By Ryan Velez
San Francisco is seen by many as one of the most desirable, but also most expensive cities in the country to live. An article from Hoodline shows that while the city has fallen out of the highest levels of income disparity, this pleasant fact doesn’t apply to Black people at all.
The news comes from a study put by the Brookings Institution, a comparative index of employment among 18-to-64-year-olds in localities with more than 500,000 people. The study indexed the highest and lowest national employment rates by region, and then compared employment rates in those same regions by race—white, Black, Latino and Asian.
The results showed a major contrast in terms of employment rates. The city boasts the ninth-highest general employment rate in the country (79 percent), but also has the highest employment disparity between Blacks and whites in the country. 84 percent of white San Franciscans are employed, compared to 53 percent of Black San Franciscans.
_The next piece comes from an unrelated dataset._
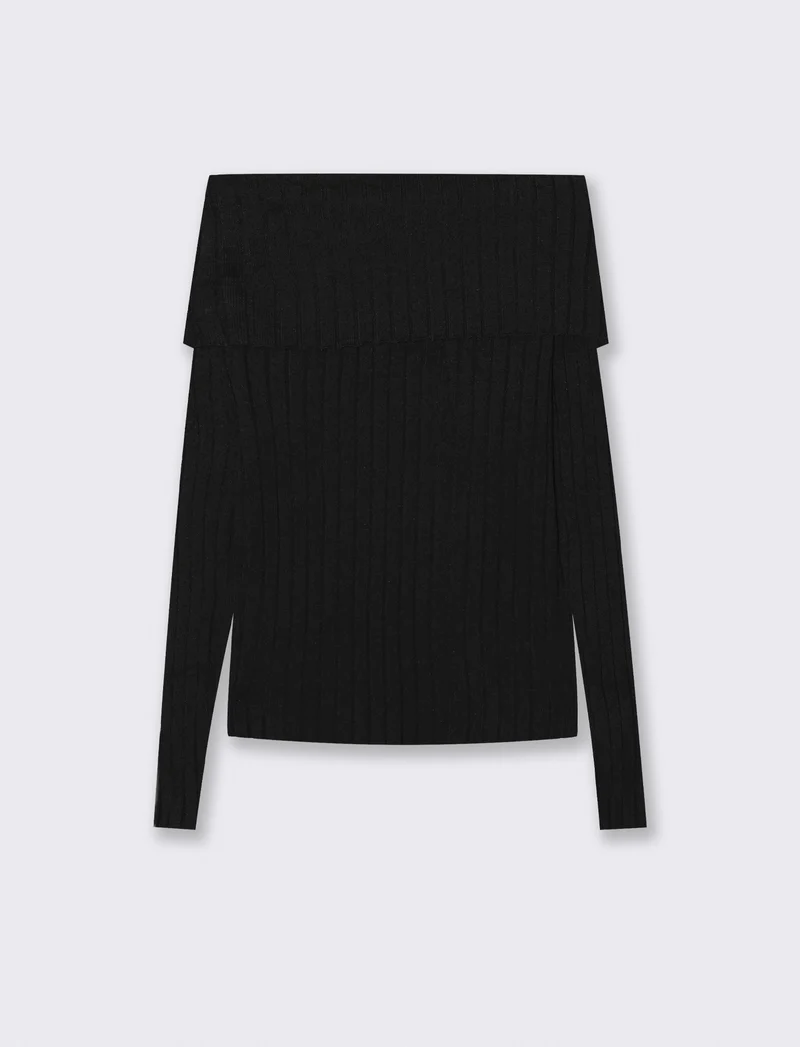 MAGLIA OFF SHOULDER - Nero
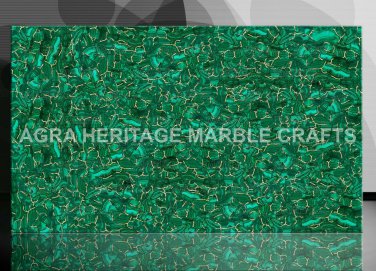6'x3' Marvelous Marble Green Dining Room Table Top Malachite Inlay Decor H4704C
The only city in the survey below this was Detroit, at 50% Black employment, but the rate there is only 51% overall.
In terms of the divide, only Chicago came close to San Francisco, with a 27 percent spread (83 to 56 percent white-to-Black). Latinos and Asians in San Francisco weren’t in the top or bottom 15% nationally. There’s also one worrying addendum to the story: only 4% of all San Franciscans are Black, and this number has been slowly on a decrease over the last few decades.
The takeaway, the study’s authors said, was that “positive top-line employment numbers at the national or regional levels do not tell the whole story.” They called for the urgency of “complex, long-term work of devising and delivering more inclusive economic growth strategies.”
For San Francisco, by the time these come to pass, there may be no significant Black population to help. However, what this can do is prompt other cities with large Black populations to try and examine their own data, allowing them to see employment disparity. It will be interesting to see if studies like these lead to further discussion of these initiatives on the political stage, as well as the academic.